Alcancé a volver al liceo solamente para concluir el año escolar y antes de un mes me comunicaron que mi contrato no sería renovado para el año entrante. El tiempo libre (con goce de sueldo) me permitió indagar un poco más en mi salud y decidí visitar a un otorrinolaringólogo para resolver el problema de mis ronquidos. Este doctor, experto en el asunto, me indicó que una intervención no resolvería mi situación en particular y me recomendó practicarme una polisomnografía y llevarle el resultado a un psiquiatra para que me prescribiere un CPAP. Lo hice, en efecto, y descubrí que tenía una índice de apnea de 34, esto es, 34 apneas por hora mientras dormía. Así fue como descubrí la causa de mi fatiga crónica y de mi depresión. No negaré que estaba sometido a un ritmo y volumen de trabajo tremendos, pero así también estaban mis colegas.
Me decepcionó, por cierto, que los psiquiatras me hayan recetado fármacos sin haberme sometido, siquiera, a un examen de sangre. Si hubiesen solicitado exámenes físicos, quizá podría haberme recuperado mucho antes (y haber conservado mi trabajo). Su confianza excesiva en mi testimonio oral me resulta dudosa, por decir lo menos. Y también me incomoda la importancia excesiva que la segunda psiquiatra le otorgó al aspecto psicosocial: no digo que sea insignificante, pero en mi caso había una condición física que jugaba un rol mucho más importante en cuanto a lo que estaba padeciendo.
El CPAP prescrito por la neuróloga tiene la función de reducir el índice de apneas a cinco o menos por hora. Durante el último trimestre, empecé a presentar de forma paulatina los mismos síntomas que hace dos años: fatiga persistente, horas de sueño excesivas, incapacidad de llevar el pensamiento a la acción. Pensé que se trataba de desánimo causado por situaciones adversas que he enfrentado durante el año. Ciertamente, estas situaciones existen y me parecen lo suficientemente abrumadoras como para causar esos síntomas. Pero el domingo pasado decidí verificar el índice de apneas, solamente para descartar esta variable. El índice variaba entre quince y veinte en el último semestre: entre tres y cuatro veces más que el máximo indicado por la neuróloga.

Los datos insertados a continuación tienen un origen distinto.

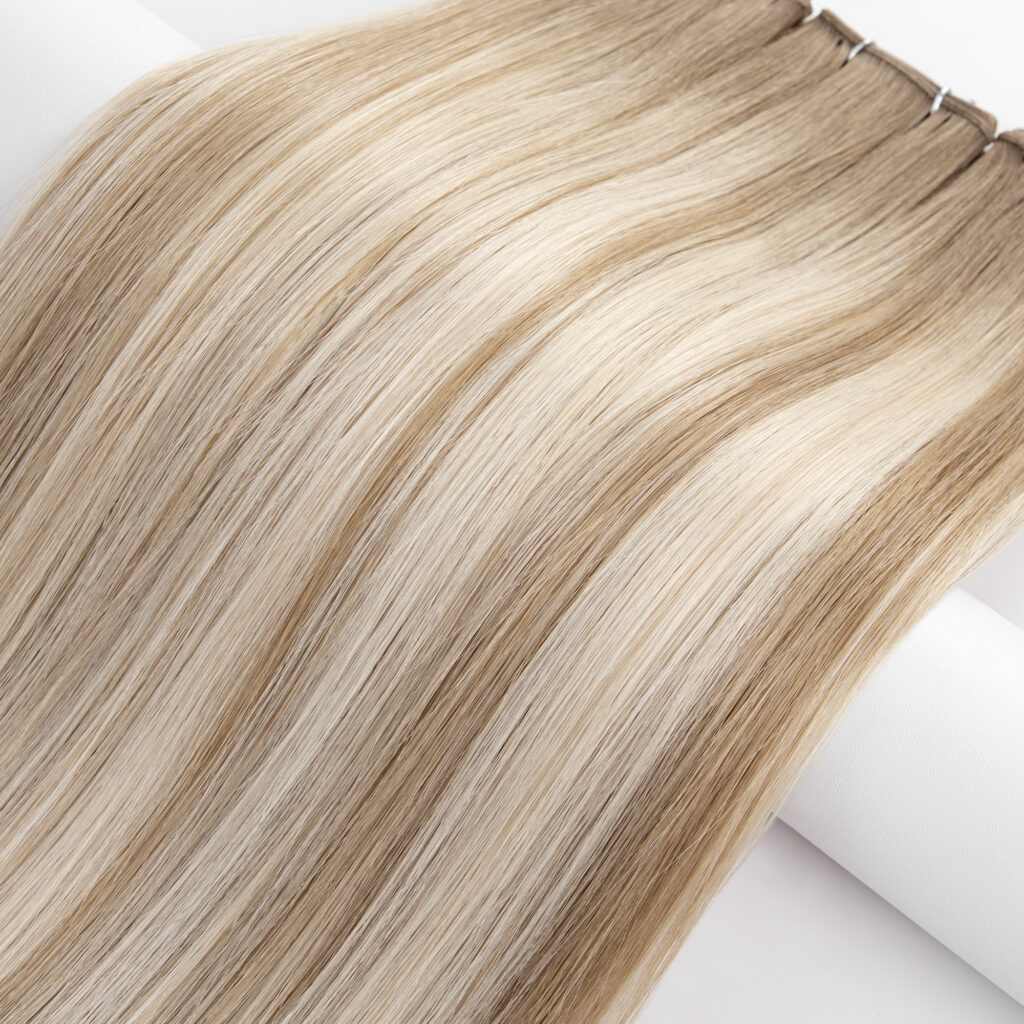 Long, straight hair extensions in a blend of blonde shades, showcasing a smooth texture and highlighting potential styling options.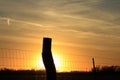 Kansas Sunset with a colorful sky and a fence silhouette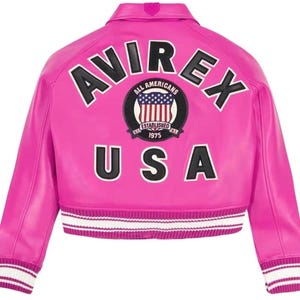Puede incluir: Chaqueta de cuero rosa brillante con la palabra "AVIREX" en letras negras y blancas en la espalda. Debajo, se muestra la palabra "USA". Un parche circular con la bandera estadounidense y las palabras "ALL AMERICANS ESTABLISHED 1975" est&aacute; centrado.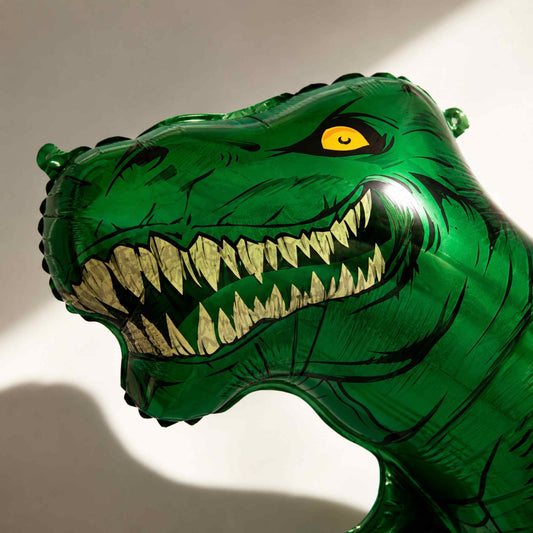 A green dinosaur head foil balloon with sharp white teeth and a yellow eye, photographed against a plain light background.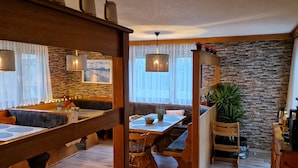 A cozy restaurant with wooden furniture, stone walls, and hanging lights. - Waldpension Schiefling am See (Schiefling am See)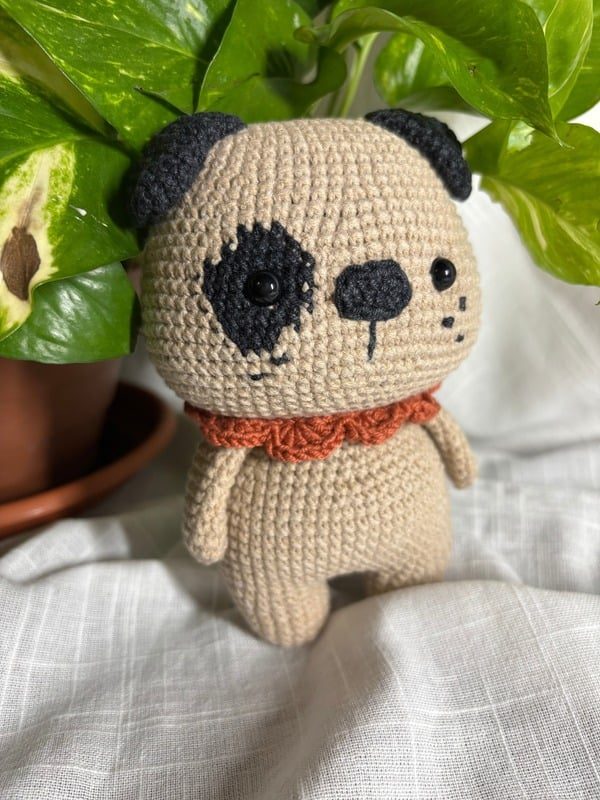 Crocheted beige puppy with an eye patch and orange collar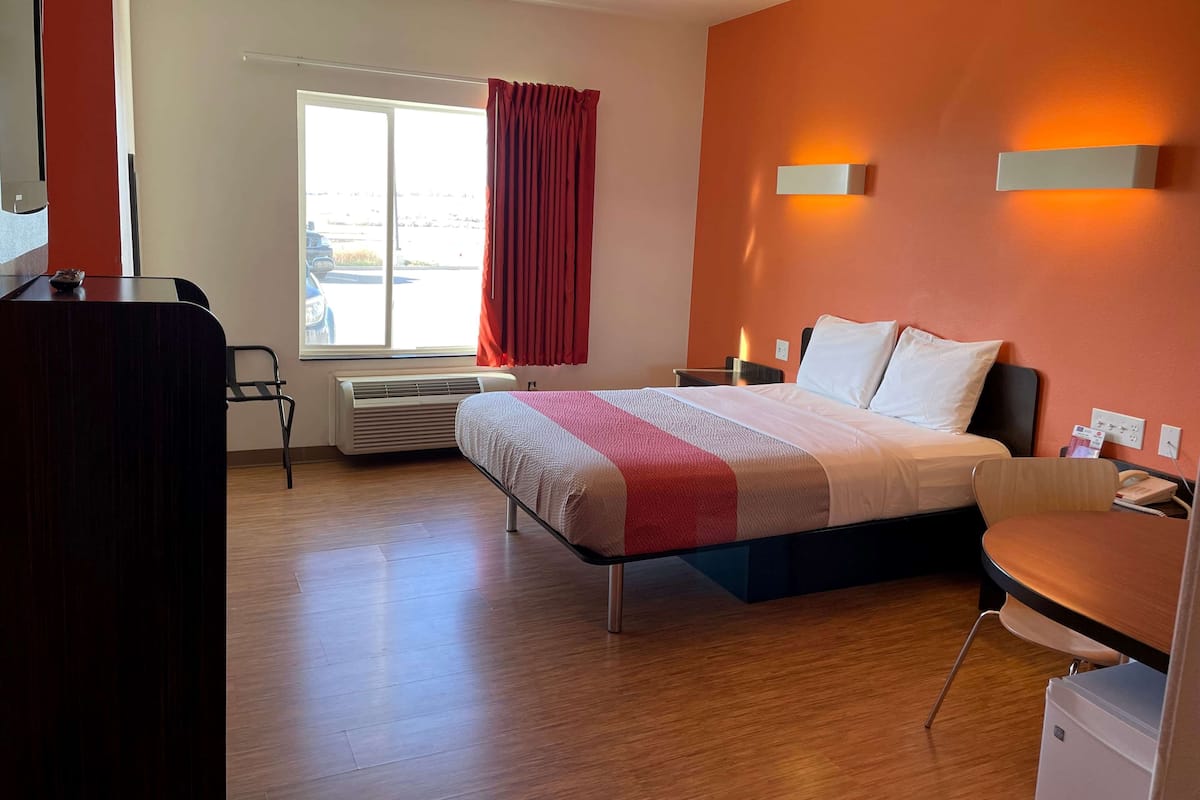 Una habitación de hotel con cama, escritorio, silla, ventana con cortinas e iluminación en la pared.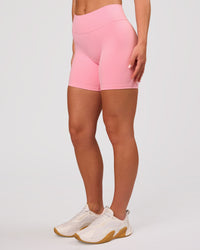 Woman wearing RXD Mid-Rise 6" Short - Pink Rose | Model:Issy | Size:XS | Thumbnail Index: 5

Otra vez, la causa estaba en una condición física y no (tanto) en la situación psicosocial. No digo que esta sea irrelevante, pero podría hacer mucho más por resolverla si estoy físicamente sano. Así que aumenté la potencia del CPAP. Y me decidí a iniciar las gestiones para remover mis amígdalas: sé que esto no será suficiente para resolver las apneas, pero me permitirá utilizar una presión de aire no tan alta en el CPAP (ya estoy llegando al límite de la máquina).
No es cómodo, por supuesto, quedarme días enteros en cama o levantarme y no ser capaz de producir. Este es el devastador efecto de la fatiga crónica y de la depresión. Y estas condiciones son causadas, en mi caso, por un índice de apnea elevado (sobre quince apneas por hora). Y estoy muy agradecido de que el psiquiatra recete una pastilla para mejorar mi ánimo o darme energía y de que explore la situación psicosocial que rodea estas condiciones de fatiga y depresión, pero lo que de verdad necesito es dormir bien.